[Task details] This exercise needs all of the entries set down again, exactly as they read.

□ □ □ □ □ □ □

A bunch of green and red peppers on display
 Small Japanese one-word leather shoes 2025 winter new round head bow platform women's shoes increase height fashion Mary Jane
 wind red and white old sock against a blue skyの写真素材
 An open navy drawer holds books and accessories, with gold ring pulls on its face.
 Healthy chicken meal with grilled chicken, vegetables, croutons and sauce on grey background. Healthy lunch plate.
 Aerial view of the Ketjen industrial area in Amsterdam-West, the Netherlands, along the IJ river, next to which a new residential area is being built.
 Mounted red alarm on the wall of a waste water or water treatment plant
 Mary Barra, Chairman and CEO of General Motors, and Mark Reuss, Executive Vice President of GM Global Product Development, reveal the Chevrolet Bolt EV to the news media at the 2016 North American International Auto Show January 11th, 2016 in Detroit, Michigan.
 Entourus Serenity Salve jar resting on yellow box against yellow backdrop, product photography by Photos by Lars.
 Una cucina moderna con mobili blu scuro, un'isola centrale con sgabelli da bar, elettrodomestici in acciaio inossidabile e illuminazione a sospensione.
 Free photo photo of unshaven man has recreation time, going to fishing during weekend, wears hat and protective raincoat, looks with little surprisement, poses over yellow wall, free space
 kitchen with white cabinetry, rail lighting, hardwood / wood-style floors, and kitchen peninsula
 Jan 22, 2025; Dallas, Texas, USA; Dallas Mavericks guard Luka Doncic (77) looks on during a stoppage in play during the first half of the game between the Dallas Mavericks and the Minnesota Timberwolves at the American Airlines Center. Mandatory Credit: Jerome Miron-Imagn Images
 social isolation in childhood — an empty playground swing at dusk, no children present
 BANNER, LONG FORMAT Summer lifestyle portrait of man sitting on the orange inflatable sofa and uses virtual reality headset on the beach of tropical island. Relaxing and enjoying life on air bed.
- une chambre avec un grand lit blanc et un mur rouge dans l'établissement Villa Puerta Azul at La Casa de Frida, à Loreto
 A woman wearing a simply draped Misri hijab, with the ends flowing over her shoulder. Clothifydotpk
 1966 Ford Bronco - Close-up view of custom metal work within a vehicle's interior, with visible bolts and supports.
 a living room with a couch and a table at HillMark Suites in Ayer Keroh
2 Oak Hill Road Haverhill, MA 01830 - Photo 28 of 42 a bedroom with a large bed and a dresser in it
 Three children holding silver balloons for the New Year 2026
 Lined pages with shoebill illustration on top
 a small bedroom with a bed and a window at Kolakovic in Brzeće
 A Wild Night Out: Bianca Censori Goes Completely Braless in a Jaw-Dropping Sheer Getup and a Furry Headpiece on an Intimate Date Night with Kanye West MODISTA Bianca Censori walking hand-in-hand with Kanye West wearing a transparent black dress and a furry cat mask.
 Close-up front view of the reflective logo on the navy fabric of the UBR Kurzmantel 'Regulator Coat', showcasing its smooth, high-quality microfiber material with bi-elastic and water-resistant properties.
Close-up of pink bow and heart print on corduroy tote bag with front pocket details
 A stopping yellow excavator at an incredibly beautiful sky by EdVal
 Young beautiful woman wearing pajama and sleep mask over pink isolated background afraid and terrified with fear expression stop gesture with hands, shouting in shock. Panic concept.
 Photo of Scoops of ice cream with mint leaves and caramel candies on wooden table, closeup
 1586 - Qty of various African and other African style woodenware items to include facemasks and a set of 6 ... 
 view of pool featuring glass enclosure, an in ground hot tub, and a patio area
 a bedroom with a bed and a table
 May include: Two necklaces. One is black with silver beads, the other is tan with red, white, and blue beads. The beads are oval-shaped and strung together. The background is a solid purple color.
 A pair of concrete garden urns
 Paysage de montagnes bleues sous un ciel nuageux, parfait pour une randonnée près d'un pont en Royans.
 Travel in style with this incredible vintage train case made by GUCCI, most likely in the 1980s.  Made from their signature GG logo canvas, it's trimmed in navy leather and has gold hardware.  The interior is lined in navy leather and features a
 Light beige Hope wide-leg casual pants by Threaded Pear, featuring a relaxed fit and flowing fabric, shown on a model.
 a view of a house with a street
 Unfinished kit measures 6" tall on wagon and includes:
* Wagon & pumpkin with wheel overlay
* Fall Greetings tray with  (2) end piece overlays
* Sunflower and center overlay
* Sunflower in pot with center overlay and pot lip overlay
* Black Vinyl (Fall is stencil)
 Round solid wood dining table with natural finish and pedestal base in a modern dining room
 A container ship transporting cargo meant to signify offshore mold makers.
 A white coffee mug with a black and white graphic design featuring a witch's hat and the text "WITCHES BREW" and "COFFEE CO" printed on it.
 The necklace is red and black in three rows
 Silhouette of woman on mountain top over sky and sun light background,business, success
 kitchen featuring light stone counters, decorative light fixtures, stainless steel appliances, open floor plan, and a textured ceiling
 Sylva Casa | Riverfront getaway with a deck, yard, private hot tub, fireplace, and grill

□ □ □ □ □ □ □

[Response area]
A bunch of green and red peppers on display
 Small Japanese one-word leather shoes 2025 winter new round head bow platform women's shoes increase height fashion Mary Jane
 wind red and white old sock against a blue skyの写真素材
 An open navy drawer holds books and accessories, with gold ring pulls on its face.
 Healthy chicken meal with grilled chicken, vegetables, croutons and sauce on grey background. Healthy lunch plate.
 Aerial view of the Ketjen industrial area in Amsterdam-West, the Netherlands, along the IJ river, next to which a new residential area is being built.
 Mounted red alarm on the wall of a waste water or water treatment plant
 Mary Barra, Chairman and CEO of General Motors, and Mark Reuss, Executive Vice President of GM Global Product Development, reveal the Chevrolet Bolt EV to the news media at the 2016 North American International Auto Show January 11th, 2016 in Detroit, Michigan.
 Entourus Serenity Salve jar resting on yellow box against yellow backdrop, product photography by Photos by Lars.
 Una cucina moderna con mobili blu scuro, un'isola centrale con sgabelli da bar, elettrodomestici in acciaio inossidabile e illuminazione a sospensione.
 Free photo photo of unshaven man has recreation time, going to fishing during weekend, wears hat and protective raincoat, looks with little surprisement, poses over yellow wall, free space
 kitchen with white cabinetry, rail lighting, hardwood / wood-style floors, and kitchen peninsula
 Jan 22, 2025; Dallas, Texas, USA; Dallas Mavericks guard Luka Doncic (77) looks on during a stoppage in play during the first half of the game between the Dallas Mavericks and the Minnesota Timberwolves at the American Airlines Center. Mandatory Credit: Jerome Miron-Imagn Images
 social isolation in childhood — an empty playground swing at dusk, no children present
 BANNER, LONG FORMAT Summer lifestyle portrait of man sitting on the orange inflatable sofa and uses virtual reality headset on the beach of tropical island. Relaxing and enjoying life on air bed.
- une chambre avec un grand lit blanc et un mur rouge dans l'établissement Villa Puerta Azul at La Casa de Frida, à Loreto
 A woman wearing a simply draped Misri hijab, with the ends flowing over her shoulder. Clothifydotpk
 1966 Ford Bronco - Close-up view of custom metal work within a vehicle's interior, with visible bolts and supports.
 a living room with a couch and a table at HillMark Suites in Ayer Keroh
2 Oak Hill Road Haverhill, MA 01830 - Photo 28 of 42 a bedroom with a large bed and a dresser in it
 Three children holding silver balloons for the New Year 2026
 Lined pages with shoebill illustration on top
 a small bedroom with a bed and a window at Kolakovic in Brzeće
 A Wild Night Out: Bianca Censori Goes Completely Braless in a Jaw-Dropping Sheer Getup and a Furry Headpiece on an Intimate Date Night with Kanye West MODISTA Bianca Censori walking hand-in-hand with Kanye West wearing a transparent black dress and a furry cat mask.
 Close-up front view of the reflective logo on the navy fabric of the UBR Kurzmantel 'Regulator Coat', showcasing its smooth, high-quality microfiber material with bi-elastic and water-resistant properties.
Close-up of pink bow and heart print on corduroy tote bag with front pocket details
 A stopping yellow excavator at an incredibly beautiful sky by EdVal
 Young beautiful woman wearing pajama and sleep mask over pink isolated background afraid and terrified with fear expression stop gesture with hands, shouting in shock. Panic concept.
 Photo of Scoops of ice cream with mint leaves and caramel candies on wooden table, closeup
 1586 - Qty of various African and other African style woodenware items to include facemasks and a set of 6 ... 
 view of pool featuring glass enclosure, an in ground hot tub, and a patio area
 a bedroom with a bed and a table
 May include: Two necklaces. One is black with silver beads, the other is tan with red, white, and blue beads. The beads are oval-shaped and strung together. The background is a solid purple color.
 A pair of concrete garden urns
 Paysage de montagnes bleues sous un ciel nuageux, parfait pour une randonnée près d'un pont en Royans.
 Travel in style with this incredible vintage train case made by GUCCI, most likely in the 1980s.  Made from their signature GG logo canvas, it's trimmed in navy leather and has gold hardware.  The interior is lined in navy leather and features a
 Light beige Hope wide-leg casual pants by Threaded Pear, featuring a relaxed fit and flowing fabric, shown on a model.
 a view of a house with a street
 Unfinished kit measures 6" tall on wagon and includes:
* Wagon & pumpkin with wheel overlay
* Fall Greetings tray with  (2) end piece overlays
* Sunflower and center overlay
* Sunflower in pot with center overlay and pot lip overlay
* Black Vinyl (Fall is stencil)
 Round solid wood dining table with natural finish and pedestal base in a modern dining room
 A container ship transporting cargo meant to signify offshore mold makers.
 A white coffee mug with a black and white graphic design featuring a witch's hat and the text "WITCHES BREW" and "COFFEE CO" printed on it.
 The necklace is red and black in three rows
 Silhouette of woman on mountain top over sky and sun light background,business, success
 kitchen featuring light stone counters, decorative light fixtures, stainless steel appliances, open floor plan, and a textured ceiling
 Sylva Casa | Riverfront getaway with a deck, yard, private hot tub, fireplace, and grill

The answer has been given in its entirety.